Task item
Keep the wording of every entry exactly as it is while leaving the pictures out of your copy.

Listed records
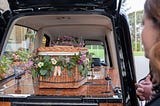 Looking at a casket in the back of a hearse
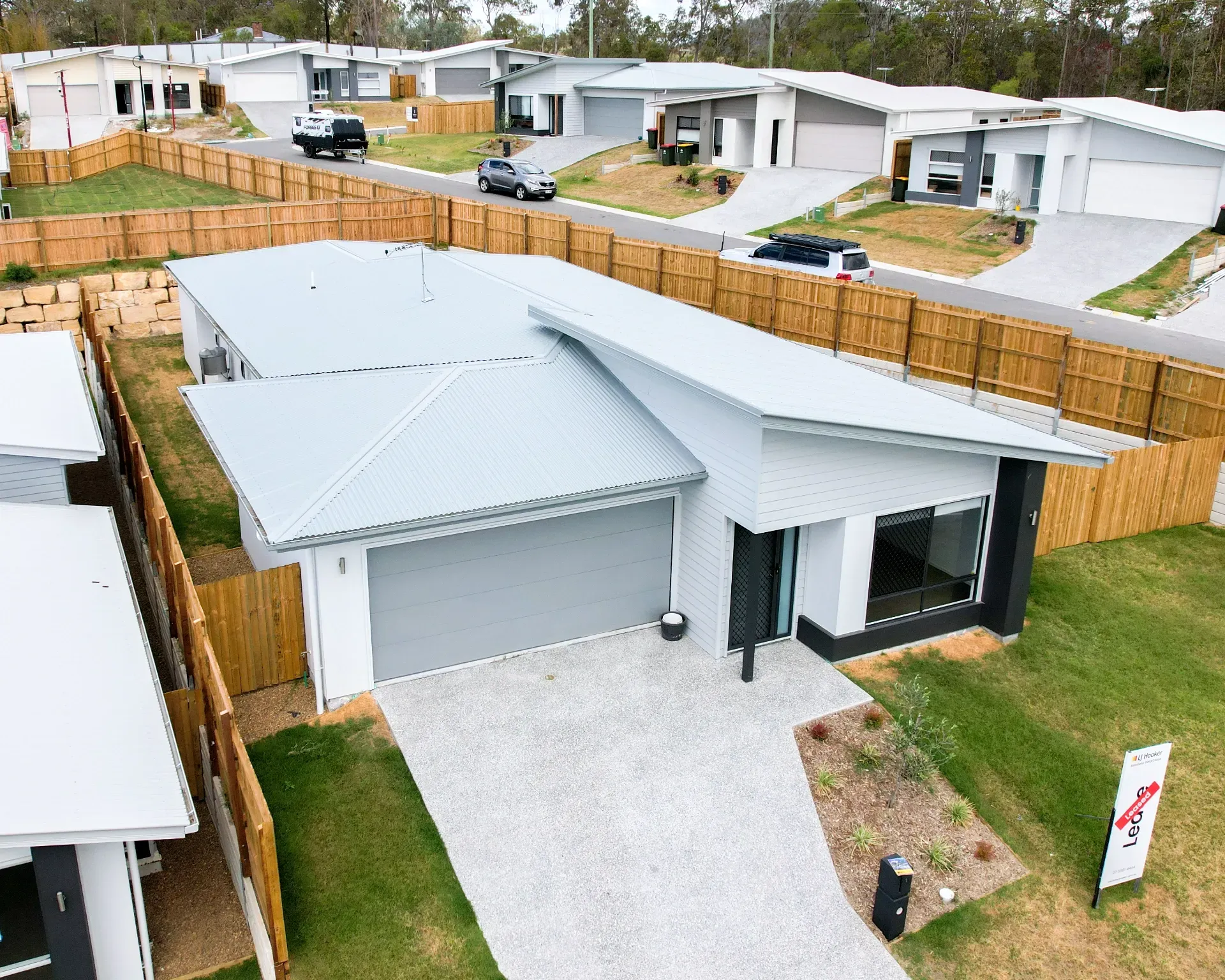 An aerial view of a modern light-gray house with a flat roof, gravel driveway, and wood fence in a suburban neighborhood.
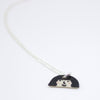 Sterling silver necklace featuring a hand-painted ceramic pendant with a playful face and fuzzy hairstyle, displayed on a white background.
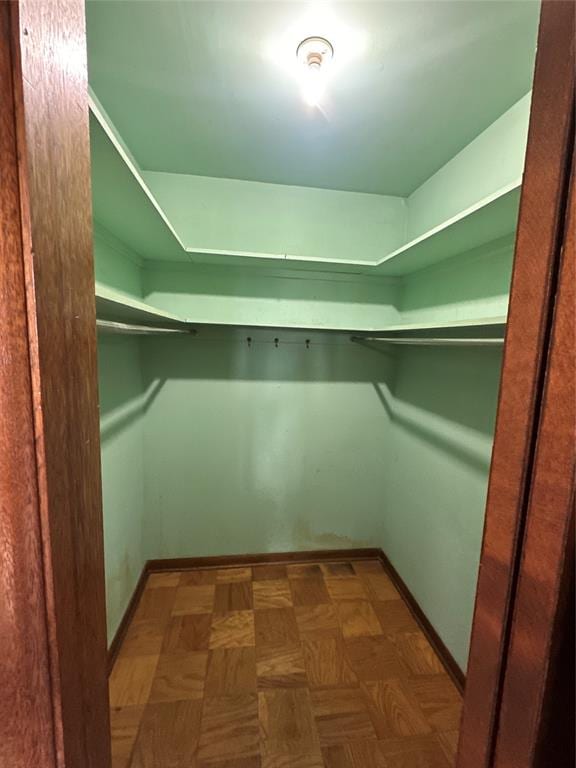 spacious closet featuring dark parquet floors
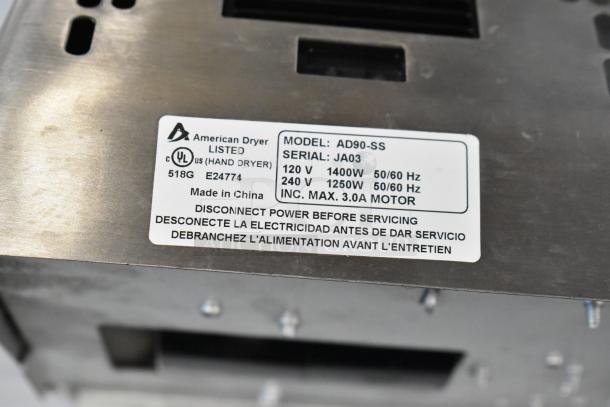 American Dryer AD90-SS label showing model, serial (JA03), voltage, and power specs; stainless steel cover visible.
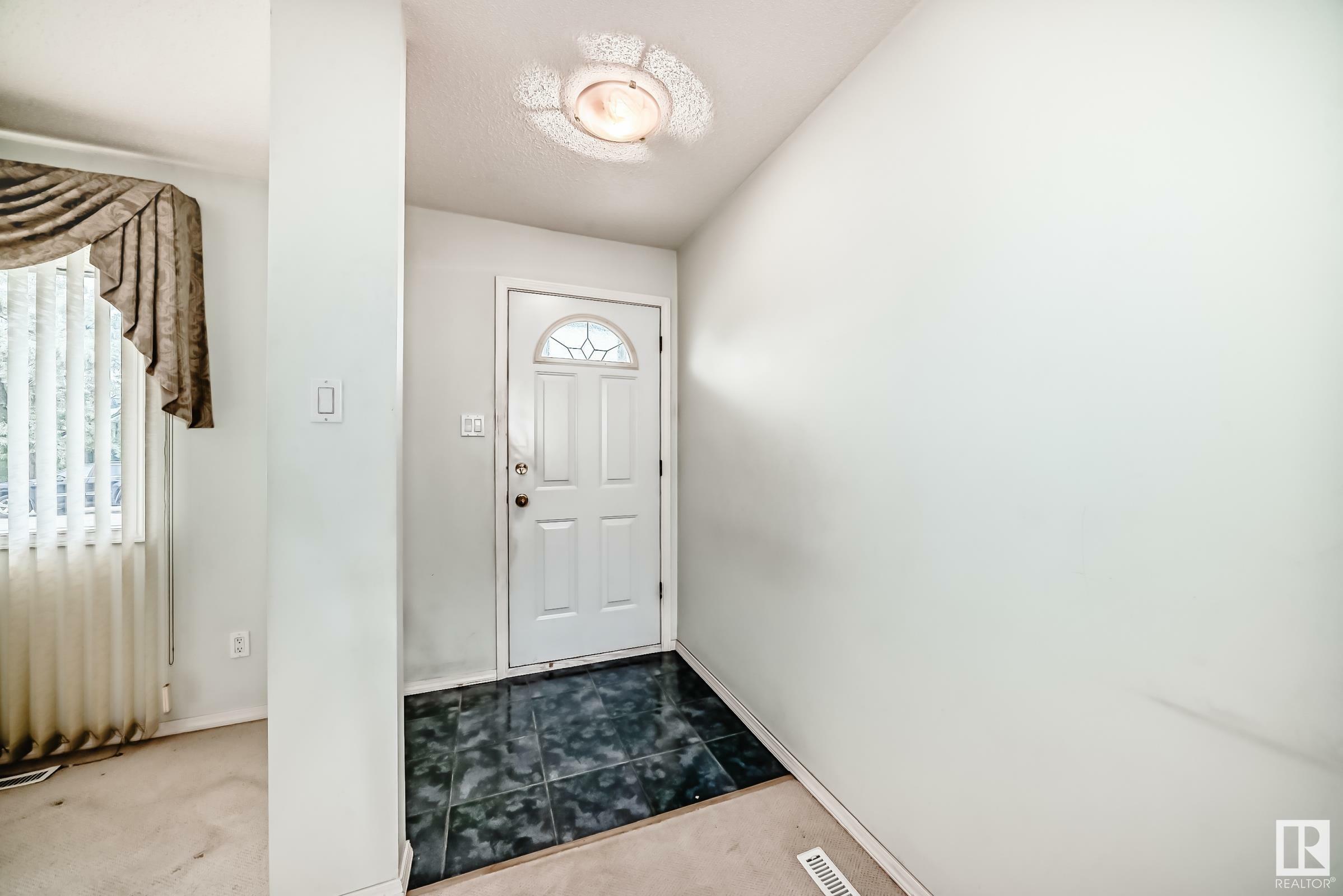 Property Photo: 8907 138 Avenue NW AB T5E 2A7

Task solution
 Looking at a casket in the back of a hearse
 An aerial view of a modern light-gray house with a flat roof, gravel driveway, and wood fence in a suburban neighborhood.
 Sterling silver necklace featuring a hand-painted ceramic pendant with a playful face and fuzzy hairstyle, displayed on a white background.
 spacious closet featuring dark parquet floors
 American Dryer AD90-SS label showing model, serial (JA03), voltage, and power specs; stainless steel cover visible.
 Property Photo: 8907 138 Avenue NW AB T5E 2A7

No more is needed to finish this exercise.